In contrast, five players in the 1951 Dodgers starting lineup – catcher Roy Campanella, first baseman Gil Hodges, second baseman Jackie Robinson, shortstop Pee Wee Reese, and center fielder Duke Snider – are Hall of Famers. While Campanella, like Irvin, had a substantial Negro League career, his Hall of Fame-worthy production occurred primarily in the National League, unlike that of Irvin. Meanwhile, both Robinson and Mays had only limited Negro League experience.

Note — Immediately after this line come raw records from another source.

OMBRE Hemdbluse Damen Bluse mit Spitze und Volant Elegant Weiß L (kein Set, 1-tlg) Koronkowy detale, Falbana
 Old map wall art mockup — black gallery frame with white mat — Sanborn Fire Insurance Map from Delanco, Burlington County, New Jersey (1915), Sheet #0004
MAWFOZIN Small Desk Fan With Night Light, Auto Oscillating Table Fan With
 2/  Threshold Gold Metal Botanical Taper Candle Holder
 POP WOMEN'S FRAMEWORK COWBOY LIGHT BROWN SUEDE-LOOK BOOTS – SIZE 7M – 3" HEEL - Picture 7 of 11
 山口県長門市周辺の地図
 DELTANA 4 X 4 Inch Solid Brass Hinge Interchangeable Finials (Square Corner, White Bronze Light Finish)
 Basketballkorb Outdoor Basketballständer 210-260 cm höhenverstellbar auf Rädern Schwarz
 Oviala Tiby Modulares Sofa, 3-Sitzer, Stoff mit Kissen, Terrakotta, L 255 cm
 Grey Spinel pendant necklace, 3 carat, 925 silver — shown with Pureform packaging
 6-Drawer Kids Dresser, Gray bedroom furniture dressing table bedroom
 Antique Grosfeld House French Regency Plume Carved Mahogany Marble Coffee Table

Mays’ 20 home runs, 68 RBIs, and .274 batting average, along with his already-stellar outfield play, certainly contributed a great deal to the Giants’ 1951 pennant drive. Informed commentators, however, generally have acknowledged that the Giants’ 1951 MVP was Irvin, with 24 home runs, a league-leading 121 RBIs, and a .312 batting average. For the season, Irvin was number one in WAR (wins above replacement) among Giants position players with 6.9, followed by Al Dark, Eddie Stanky, Thomson, and then Mays with 3.9.21
During the Giants’ season-ending 39-8 run, which included a three-game playoff win against the Dodgers, Irvin’s starring role contrasted with Mays’ late-season slump. He still won the Rookie of the Year Award. Starting on August 11, when the Giants began a long homestand, Irvin batted .322 with 10 home runs and 38 runs batted in, while Mays batted only .247 with 3 home runs and 16 runs batted in.22
Already, Mays had made several astonishing plays in the outfield, ones that Irvin, among others who played with Mays, rated more highly than his most famous outfield play, “The Catch,” in Game One of the 1954 World Series. Whether or not Mays was starring offensively, he was certainly leading the team in exuberance. On the last play of the 154-game regular season, Sid Gordon hit a routine fly ball to Monte Irvin, which would clinch a win for the Giants and at least a playoff with the Dodgers. According to Mays, “I went over from center as fast as my legs could go. … Monte was there, waiting. I shouted at him. He patted his glove a couple of times. I shouted some more. Then Monte made the catch. I jumped on him out of just plain joy.”23
October 3, 1951, and the 1951 World Series
The climax of the 1951 season was the three-game playoff series between the Giants and the Dodgers. Never before, and never again, would the 154-game regular season end with three New York teams all in first place, albeit the Giants and Dodgers tied for that position (those same three teams would be in the same exact position – the Yankees winning the AL and the Dodgers and Giants tied for first, albeit after a 162-game regular season – eight years later.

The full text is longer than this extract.